The younger generation, personified by Vénéranda’s spirited daughter, Tina (Kesia Kelly Nishimwe), and her boyfriend, a low-key photographer named Richard (Elvis Ngabo), has grown up without ethnic labels. But while Vénéranda holds herself as a model of forgiveness to women in the group, she can’t see past Richard’s Hutu heritage, and she turns a cold heart to Tina when she becomes pregnant and is kicked out of school. “Neither Richard or his family has harmed me,” Tina points out reasonably, while her mother fumes with shame and judgment, her inner turmoil finding expression in a baffling hypocrisy.

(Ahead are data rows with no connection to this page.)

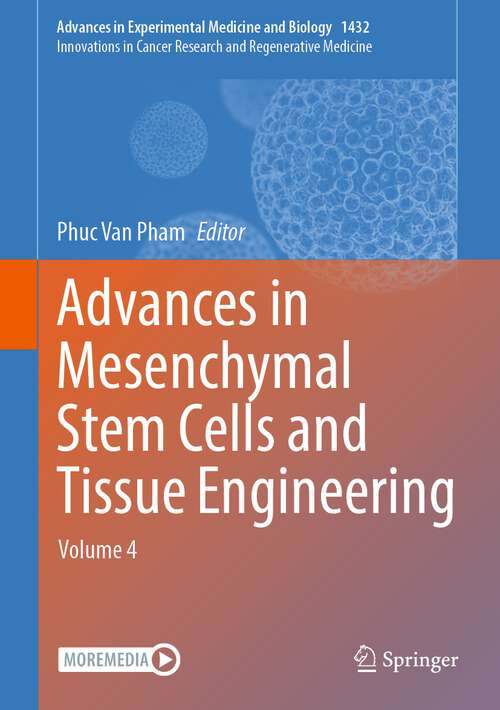 Book cover of Advances in Mesenchymal Stem Cells and Tissue Engineering: Volume 4 (1st ed. 2023) (Advances in Experimental Medicine and Biology)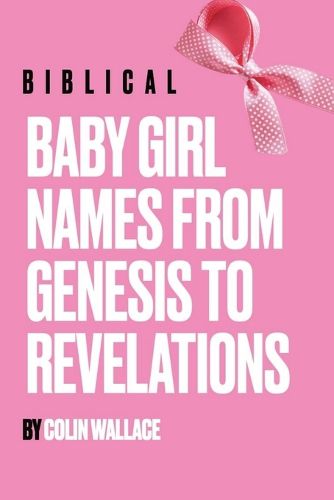 Cover image for Biblical Baby Girl Names From Genesis To Revelations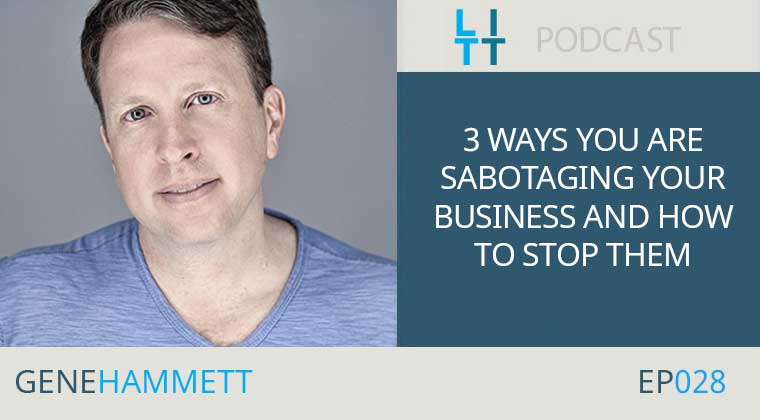 Ways You Are Sabotaging Your Business and How to STOP Them with Gene Hammett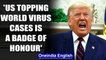Coronavirus: Trump says, 'US topping virus cases a badge of honour, means testing is great'|Oneindia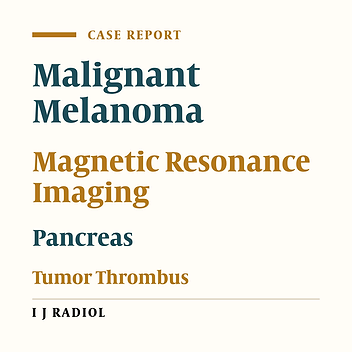 Metastatic Melanoma to the Pancreas Forming Portal Vein Tumor Thrombosis: A Case Report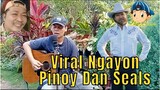 Viral Ngayon Pinoy Dan Seals 😎😘😲😁😱😷🎤🎧🎼🎹🎸🎻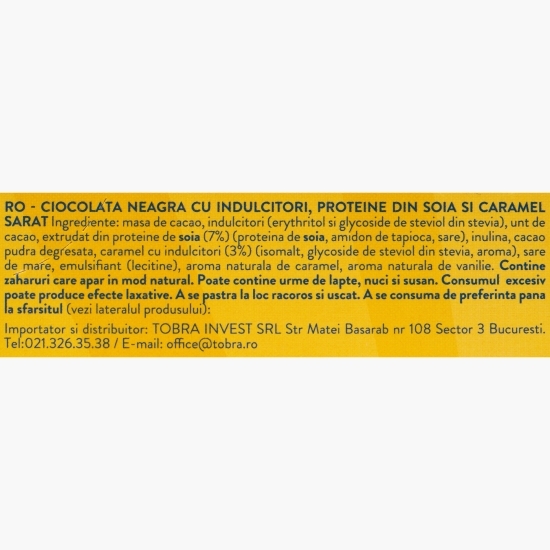 Ciocolată neagră cu îndulcitori, proteine din soia și caramel sărat 100g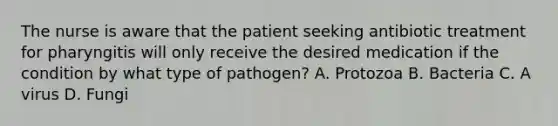 The nurse is aware that the patient seeking antibiotic treatment for pharyngitis will only receive the desired medication if the condition by what type of pathogen? A. Protozoa B. Bacteria C. A virus D. Fungi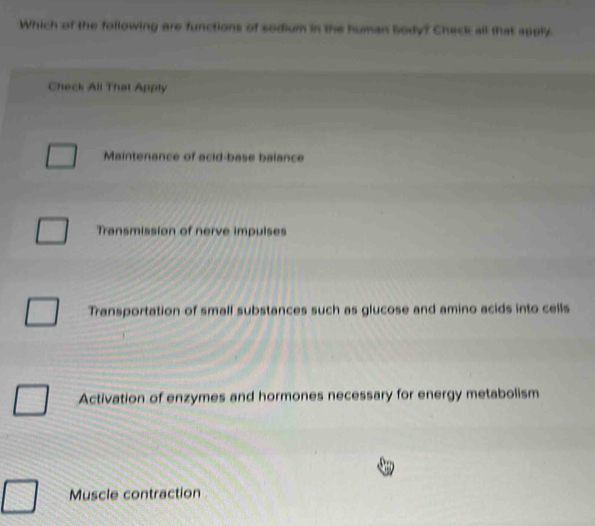 Which of the following are functions of sodium in the human body? Check all that 100ly
Check All That Apply
Maintenance of acid-base balance
Transmission of nerve impulses
Transportation of small substances such as glucose and amino acids into cells
Activation of enzymes and hormones necessary for energy metabolism
Muscle contraction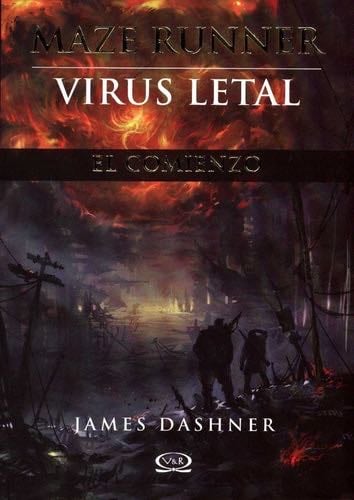Maze Runner: Virus letal (Maze Runner Trilogy) (Spanish Edition) - James Dashner · 2013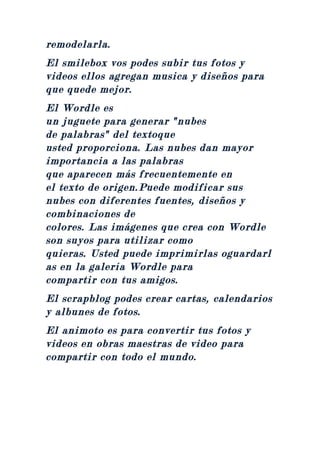 remodelarla.
El smilebox vos podes subir tus fotos y
videos ellos agregan musica y diseños para
que quede mejor.
El Wordle es
un juguete para generar "nubes
de palabras" del textoque
usted proporciona. Las nubes dan mayor
importancia a las palabras
que aparecen más frecuentemente en
el texto de origen.Puede modificar sus
nubes con diferentes fuentes, diseños y
combinaciones de
colores. Las imágenes que crea con Wordle
son suyos para utilizar como
quieras. Usted puede imprimirlas oguardarl
as en la galería Wordle para
compartir con tus amigos.
El scrapblog podes crear cartas, calendarios
y albunes de fotos.
El animoto es para convertir tus fotos y
videos en obras maestras de video para
compartir con todo el mundo.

As harsh as she can be, Vénéranda is a devoted caretaker of her mother, who has lost her voice as well as her memory and is the regal, silent watcher of the unfolding family drama. Vénéranda also tends to her sister, whose health was taken from her, along with her husband and child, during the attacks. Suzanne is electric with anger even as her physical strength dwindles. “Can’t you stop your bullshit on forgiveness?” she hisses at Vénéranda, and urges her to reveal certain long-hidden truths to Tina.

What binds these two is the depth of what they’ve endured, the unspeakable brutality; what divides them is how they respond to it. Ben’Imana offers no simple definitions of courage, but rather a feverishly human group portrait of its possible expressions, with the exceptional triumvirate of Nyirinkindi, Kabano and the radiant Nishimwe forming the story’s broken but still hopeful heart.

Dusabejambo, working from a screenplay she wrote in collaboration with Delphine Agut, is attentive to her characters’ pain and their resolve, mirrored in the vibrancy of the setting. With strong contributions from cinematographer Mostafa El Kashef, production designer Ricardo Sankara and editor Nadia Ben Rachid, the movie is cinematic in an utterly unforced way, from the first images of gently rolling hills and the sound of birdsong to the bright interiors of Vénéranda’s home and the gentle, lilting score by Igor Mabano. Just as a brief piece of voiceover narration notes that a single word, ejo, means yesterday and tomorrow, Ben’Imana contains whole worlds in one very specific here-and-now.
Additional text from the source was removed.